What are the Laws of Rational Exponents?
On Math SE, I've seen several questions which relate to the following. By abusing the laws of exponents for rational exponents, one can come up with any number of apparent paradoxes, in which a number seems to be shown as equal to its opposite (negative). Possibly the most concise example:
$-1 = (-1)^1 = (-1)^\frac{2}{2} = (-1)^{2 \cdot \frac{1}{2}} = ((-1)^2)^\frac{1}{2} = (1)^\frac{1}{2} = \sqrt{1} = 1$
Of the seven equalities in this statement, I'm embarrassed to say that I'm not totally sure which one is incorrect. Restricting the discussion to real numbers and rational exponents, we can look at some college algebra/precalculus books and find definitions like the following (here, Ratti & McWaters, Precalculus: a right triangle approach, section P.6):
The thing that looks the most suspect in my example above is the 4th equality, $(-1)^{2 \cdot \frac{1}{2}} = ((-1)^2)^\frac{1}{2}$, which seems to violate the spirit of Ratti's definition of rational exponents ("no common factors")... but technically, that translation from rational exponent to radical expression was not used at this point. Rather, we're still only manipulating rational exponents, which seems fully compliant with Ratti's 2nd property: $(a^r)^s = a^{rs}$, where indeed "all of the expressions used are defined". The rational-exponent-to-radical-expression switch (via the rational exponent definition) doesn't actually happen until the 6th equality, $(1)^\frac{1}{2} = \sqrt{1}$, and that seems to undeniably be a true statement. So I'm a bit stumped at exactly where the falsehood lies.
We can find effectively identical definitions in other books. For example, in Sullivan's College Algebra, his definition is (sec. R.8): "If $a$ is a real number and $m$ and $n$ are integers containing no common factors, with $n \ge 2$, then: $a^\frac{m}{n} = \sqrt[n]{a^m} = (\sqrt[n]{a})^m$, provided that $\sqrt[n]{a}$ exists"; and he briefly states that "the Laws of Exponents hold for rational exponents", but all examples are restricted to positive variables only. OpenStax College Algebra does the same (sec. 1.3): "In these cases, the exponent must be a fraction in lowest terms... All of the properties of exponents that we learned for integer exponents also hold for rational exponents."
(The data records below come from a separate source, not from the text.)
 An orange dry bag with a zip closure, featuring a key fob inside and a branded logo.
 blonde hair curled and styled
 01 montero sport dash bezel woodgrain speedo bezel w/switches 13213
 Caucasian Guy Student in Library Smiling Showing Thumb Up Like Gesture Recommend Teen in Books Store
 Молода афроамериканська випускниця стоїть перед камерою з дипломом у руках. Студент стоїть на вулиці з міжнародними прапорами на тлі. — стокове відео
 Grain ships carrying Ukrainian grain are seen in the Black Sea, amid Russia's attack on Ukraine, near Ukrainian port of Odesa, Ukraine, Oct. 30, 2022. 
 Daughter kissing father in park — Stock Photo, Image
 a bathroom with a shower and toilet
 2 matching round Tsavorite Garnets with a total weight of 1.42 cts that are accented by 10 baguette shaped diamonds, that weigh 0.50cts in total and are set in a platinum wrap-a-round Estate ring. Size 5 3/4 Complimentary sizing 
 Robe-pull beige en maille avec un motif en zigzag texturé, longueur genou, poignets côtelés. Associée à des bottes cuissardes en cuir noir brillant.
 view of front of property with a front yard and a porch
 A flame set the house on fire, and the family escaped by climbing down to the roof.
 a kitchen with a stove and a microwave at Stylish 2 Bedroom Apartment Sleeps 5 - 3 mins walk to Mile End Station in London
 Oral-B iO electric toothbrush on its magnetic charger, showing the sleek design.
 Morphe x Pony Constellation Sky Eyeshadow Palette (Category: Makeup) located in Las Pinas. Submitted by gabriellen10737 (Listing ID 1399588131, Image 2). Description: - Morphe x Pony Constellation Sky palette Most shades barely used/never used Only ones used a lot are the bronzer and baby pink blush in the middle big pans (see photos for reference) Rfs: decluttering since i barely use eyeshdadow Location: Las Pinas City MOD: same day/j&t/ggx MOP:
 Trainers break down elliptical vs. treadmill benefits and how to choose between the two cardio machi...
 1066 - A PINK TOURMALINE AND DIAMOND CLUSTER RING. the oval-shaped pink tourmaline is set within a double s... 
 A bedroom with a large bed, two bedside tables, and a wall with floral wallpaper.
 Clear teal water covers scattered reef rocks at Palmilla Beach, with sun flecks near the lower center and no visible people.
So what exactly are the restrictions on the Laws of Exponents in the real-number context, with rational exponents? As one example, is there a reason missing from the texts above why $(-1)^{2 \cdot \frac{1}{2}} = ((-1)^2)^\frac{1}{2}$ is a false statement, or is it one of the other equalities that fails?
Edit: Some literature that discusses this issue:
Goel, Sudhir K., and Michael S. Robillard. "The Equation: $-2 = (-8)^\frac{1}{3} = (-8)^\frac{2}{6} = [(-8)^2]^\frac{1}{6} = 2$." Educational Studies in Mathematics 33.3 (1997): 319-320.
Tirosh, Dina, and Ruhama Even. "To define or not to define: The case of $(-8)^\frac{1}{3}$." Educational Studies in Mathematics 33.3 (1997): 321-330.
Choi, Younggi, and Jonghoon Do. "Equality Involved in 0.999... and $(-8)^\frac{1}{3}$" For the Learning of Mathematics 25.3 (2005): 13-36.
Woo, Jeongho, and Jaehoon Yim. "Revisiting 0.999... and $(-8)^\frac{1}{3}$ in School Mathematics from the Perspective of the Algebraic Permanence Principle." For the Learning of Mathematics 28.2 (2008): 11-16.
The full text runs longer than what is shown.